WHAT YOU ARE ASKED TO DO: After finding "1992 Donruss #181" in the data, write out its line and all following lines without change, up to and including the last one. Leave out pictures.

[[ SOURCE DATA, beginning ]]

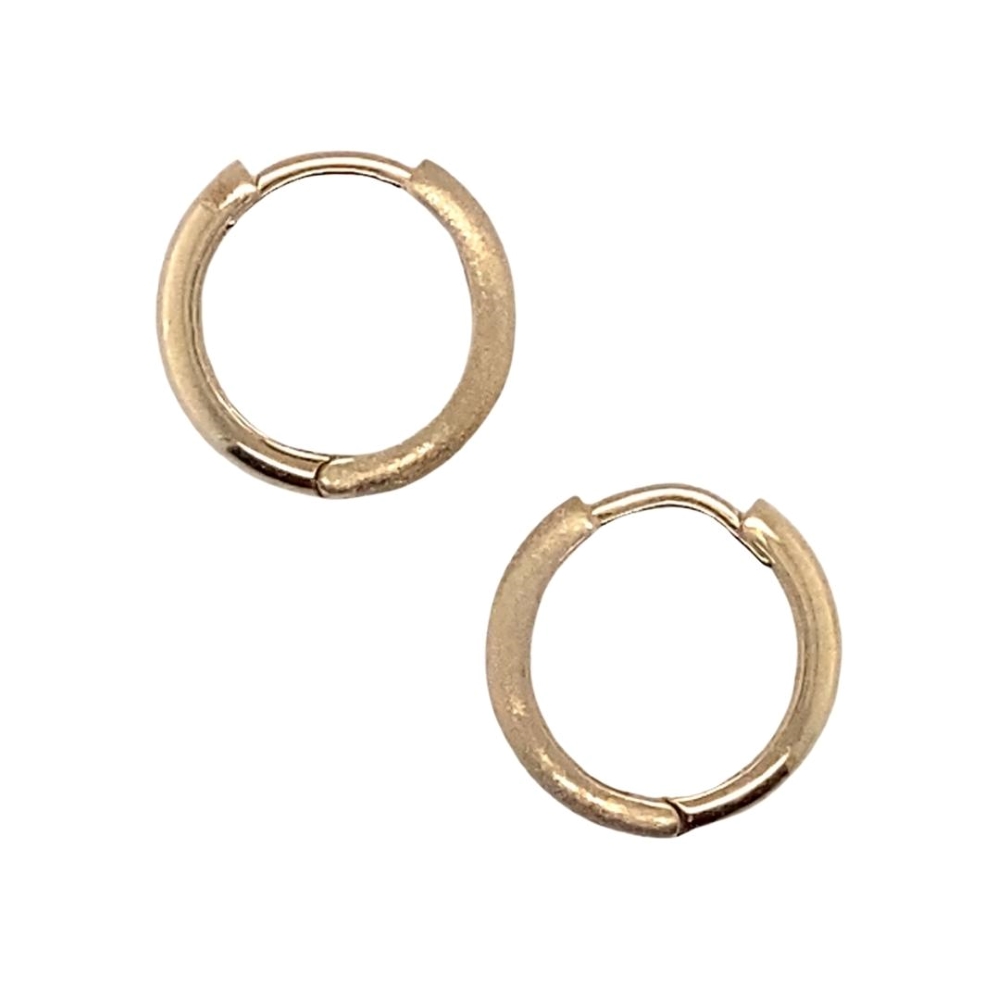 pair of small gold hoop earrings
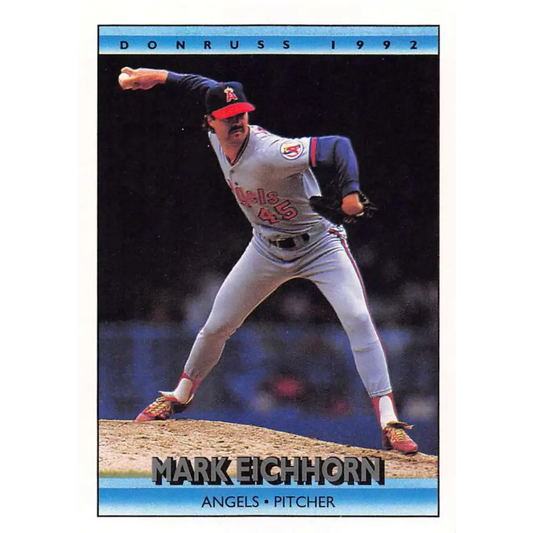 1992 Donruss #181 Mark Eichhorn NM-MT California Angels Baseball Card Image 1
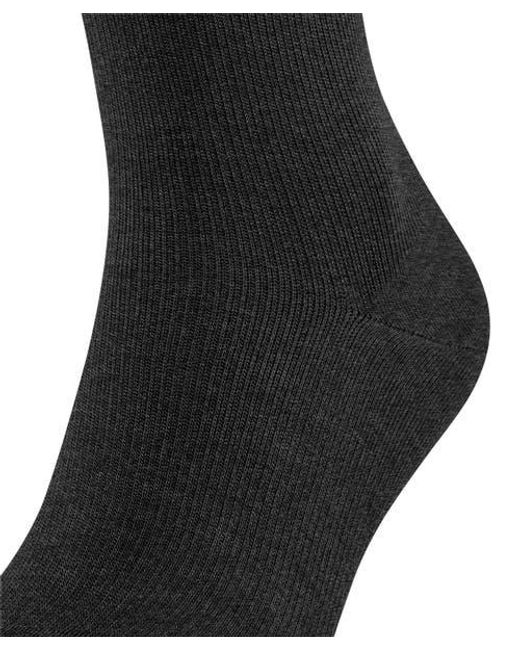 Falke Black Energizing Wool Compression Knee High Socks for men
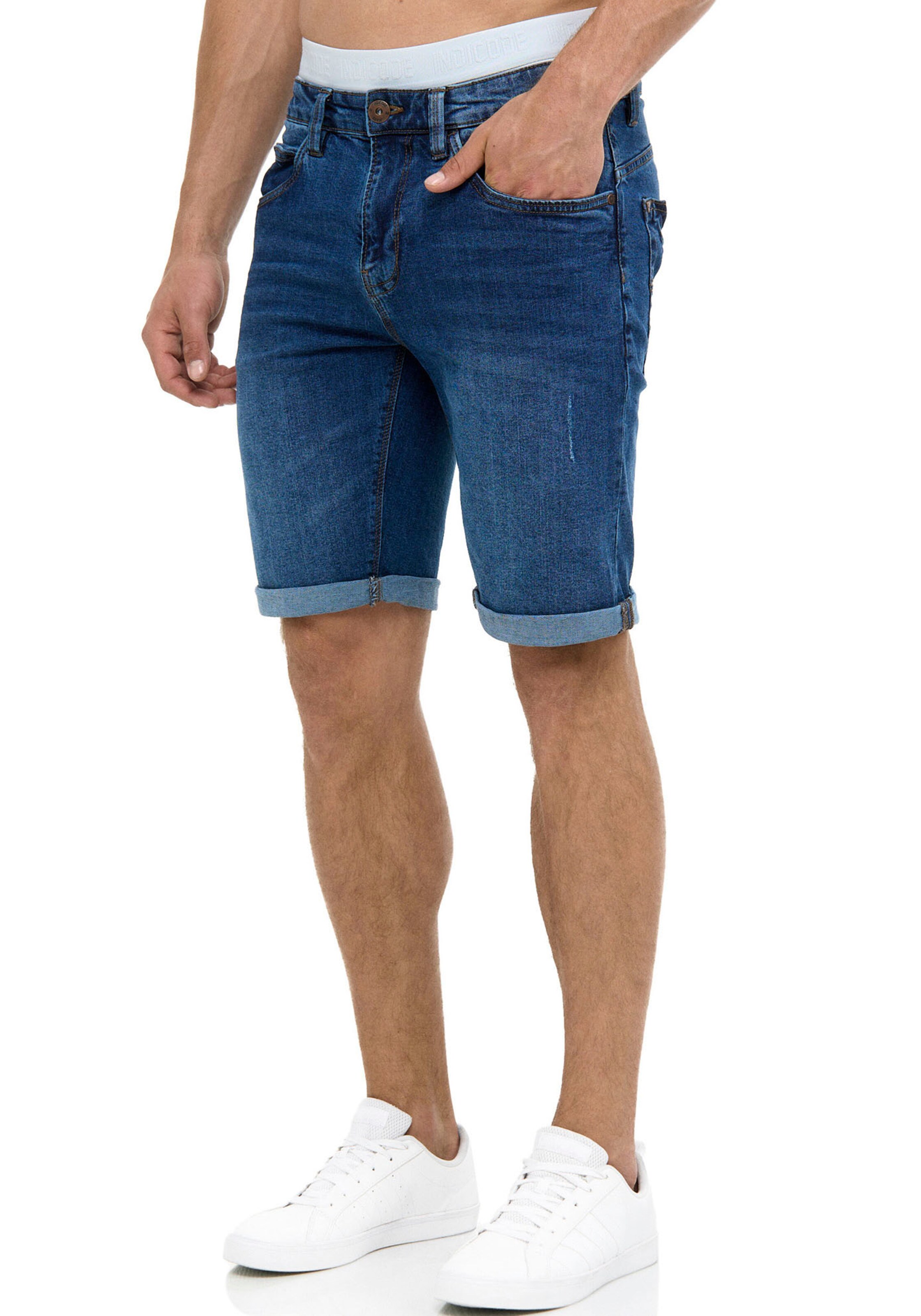 INDICODE JEANS Regular Pants in Blue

[[ SOURCE DATA, end ]]

EXERCISE OUTPUT:
 1992 Donruss #181 Mark Eichhorn NM-MT California Angels Baseball Card Image 1
 Falke Black Energizing Wool Compression Knee High Socks for men
 INDICODE JEANS Regular Pants in Blue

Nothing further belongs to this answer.